振動成分が重畳した疲労試験方法の開発および疲労強度影響評価の調査研究

研究実施期間:2012年08月01日 ~ 2014年06月30日

共同研究者

国立大学法人大阪大学
ユニバーサル造船株式会社

研究の概要

 船体構造の疲労寿命は、レインフロー法により変動荷重の疲労被害度を計算し、修正マイナー則に従って評価される。船体構造に作用する変動荷重は、波浪変動圧にホイッピングやスプリンギング等に起因する弾性振動応力が重畳した波形になっている。このうち、ホイッピング荷重は、減衰する高周波成分が間欠的に作用する特徴をもち、自動車や鉄道車両に作用する恒常的な重畳波形とは大きく異なる。
 従来は、波浪変動のみ考慮して疲労強度評価がなされてきたが、近年の船舶の大型化に伴い、弾性振動由来の高周波成分が相対的に大きくなったため、欧州の船級協会を中心に弾性振動による疲労被害度も考慮することが検討され始めている。
 高周波重畳応力下の疲労試験の報告例はごく少ない。その大部分は、恒常的な重畳波形下の母材を対象としている。船舶技術研究協会が実施した、高周波成分が減衰する重畳波形下の母材の疲労試験結果によれば、レインフロー法と修正マイナー則は過度に安全側の寿命を推定する傾向がある。しかし、この疲労試験は試験点数がごく少数で、溶接構造の疲労試験も実施されていない。
 すなわち、レインフロー法と修正マイナー則による船体疲労寿命評価は、過度に安全側の推定値を与える可能性があるが、その安全余裕は依然として不明である。弾性振動が船体疲労強度に与える影響を合理的に評価するためには、船体に作用する高周波重畳応力の特徴を備えた変動荷重を用いた溶接継手の疲労試験を多数回実施して実験的知見を蓄積する必要があるが、油圧試験機により溶接継手の高周波重畳疲労試験を実施するには多大な費用と時間を要し、十分な数の疲労試験を実施するのは極めて困難である。
 そこで、本事業では、高周波成分が減衰する重畳応力を受ける溶接継手の疲労試験を、安価かつ短時間で実施する試験方法を開発する。そして、溶接継手の高周波重畳疲労試験を多数回実施して、弾性振動が船体疲労強度に与える影響を合理的に評価する手法を確立することを目的とする。

1. 重畳波形応力を発生させることが可能で、かつ、油圧試験機による場合より大幅に短い時間で溶接継手の疲労試験を実施可能な試験装置を開発する。

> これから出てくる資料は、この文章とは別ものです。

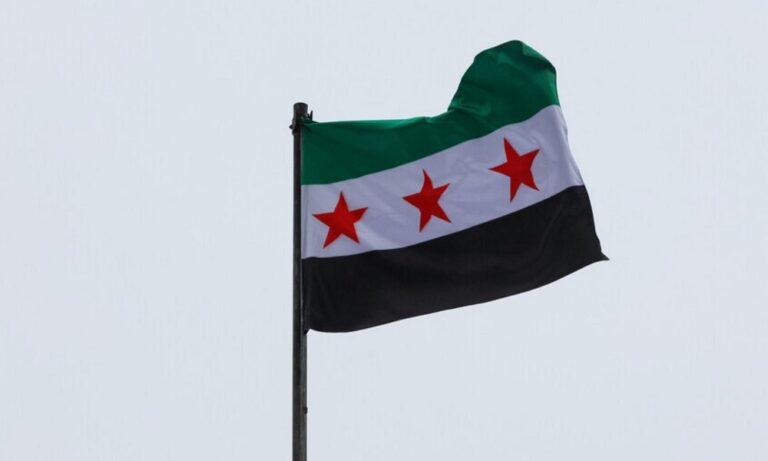 الجيش السوري يتهم قسد بخرق وقف إطلاق النار الجيش-السوري-يتهم-قسد-بخرق-وقف-إطلاق-النار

2. 定振幅応力、スプリンギングを模擬した恒常的重畳波形応力、ホイッピングを模擬した高周波成分が減衰する重畳波形応力の各々について、溶接継手の疲労試験を実施し、従来法(レインフロー法+修正マイナー則)により評価した疲労寿命と実験結果を比較して、従来法の推定精度を明らかにする。

3. 弾性振動が船体疲労強度に与える影響を合理的に評価するための疲労被害度計算方法を開発する。

4. 上記知見の、関連する規則等への適切なフィードバックを図る。